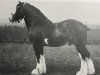 Deckhengst Apukwa (Clydesdale, 1906, von Hiawatha 10067)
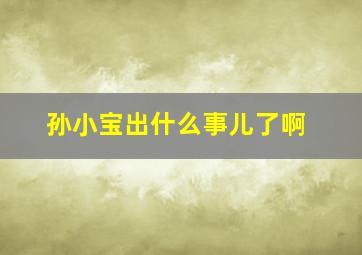 孙小宝出什么事儿了啊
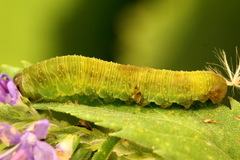 Tenthredo atra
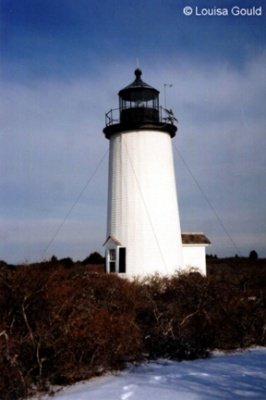 Louisa Gould - Marthas Vineyard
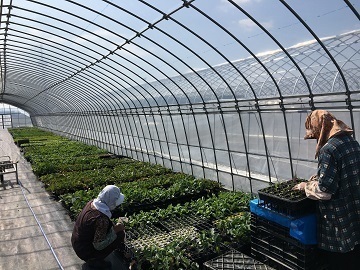 有限会社髙原農芸-4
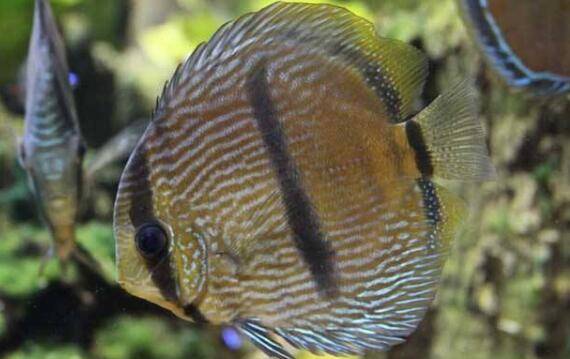 野生七彩神仙鱼的品种介绍,黑格尔七彩神仙鱼很特别_养鱼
======
▶ YOUR OBJECTIVE:
The records above need to be restated word for word, with the pictures left out.

▶ WRITTEN ANSWER:
 Deckhengst Apukwa (Clydesdale, 1906, von Hiawatha 10067)
 孙小宝出什么事儿了啊
 Tenthredo atra
 Louisa Gould - Marthas Vineyard
 有限会社髙原農芸-4
 野生七彩神仙鱼的品种介绍,黑格尔七彩神仙鱼很特别_养鱼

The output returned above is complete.